Le protocole d'accord définit le partenariat qui doit
exister entre l'agro-businessman et les conditions d'exploitation des
périmètres aménagés (Article 1). Il
détermine les modes de fonctionnement et de travail. Ce document
s'articule autour des engagements de l'AMVS (Article 2) et des exploitants
agro-business (Articles 3 à 4), les sanctions (Articles 5), le
règlement des litiges, la durée et l'entrée en vigueur du
protocole d'accord (Articles 6 et 7). Ce protocole est la
matérialisation du cahier des charges spécifiques de la
vallée du Sourou et du Haut Mouhoun sont quelques aspects. Avec le
protocole d'accord, on connaît la superficie mise en valeur par
l'opérateur d'agro-business, les cultures pratiquées et la
destination de sa production.
Ces textes ne sont cependant pas une garantie de
sécurité foncière.

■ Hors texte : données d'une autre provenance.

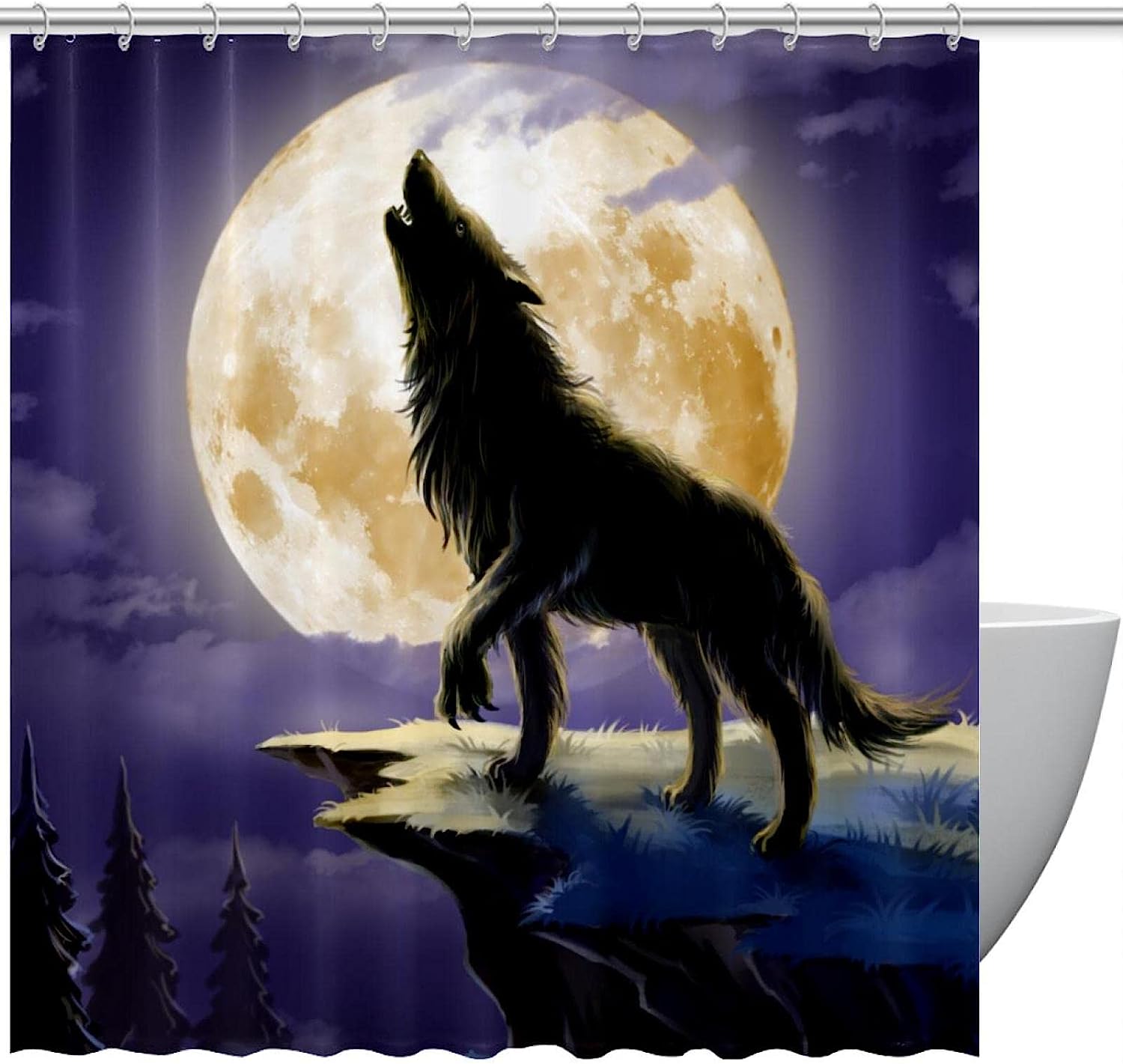 Wolf Moon Shower Curtain - Lunar Canine Bathroom Dcor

Les conditions d'attribution,
d'exploitation des terres aménagées contraignantes, les sanctions
prévues, le manque de droit de propriété, le cahier
spécifique des charges du Sourou et du Haut Mouhoun. Cette situation de
précarité foncière, justifie en partie les
stratégies de survivance telle la gestion des périmètres
par location sur le bloc C. C'est un des types des spéculations
foncières. Ce mode d'exploitation des parcelles du Bloc C est pourtant
interdit par le protocole d'accord signé avec l'AMVS. L'Article 5 du
AMVS/MAHRH (2006) portant clauses résolutoires est explicite en certains
de ces points : « L'AMVS pourra au titre de clauses
résolutoires à toute campagne retirer la parcelle d'exploitation
dans les cas ci- après : - Non respect des clauses de l'Article 3 ; en
cas de sous- location avérée des parcelles à tiers...
» (p 5).
Enfin le statut d'attributaire octroyé aux
agro-businessmen, laisse cependant une marge de manoeuvre aux autorités
administratives (AMVS) pour veiller au respect des obligations
consignées dans le cahier des charges spécifiques et du protocole
d'accord du Sourou et du Haut Mouhoun. A cause des sanctions un
agro-businessman peut perdre sa parcelle au profit d'un autre. Ces propos d'un
des agro- businessmen enquêtés sont illustratifs « Je
suis attributaire et non propriétaire. A tout moment l'AMVS peut
révoquer son accord » (Mme B. S.). Ce qui établit un
climat d'insécurité. Par ce fait, 76,9% des agro businessmen
enquêtés ne voient pas dans le protocole d'accord une garantie de
sécurité foncière puisque l'état de leur
sécurité foncière dépend du bon vouloir de l'Etat.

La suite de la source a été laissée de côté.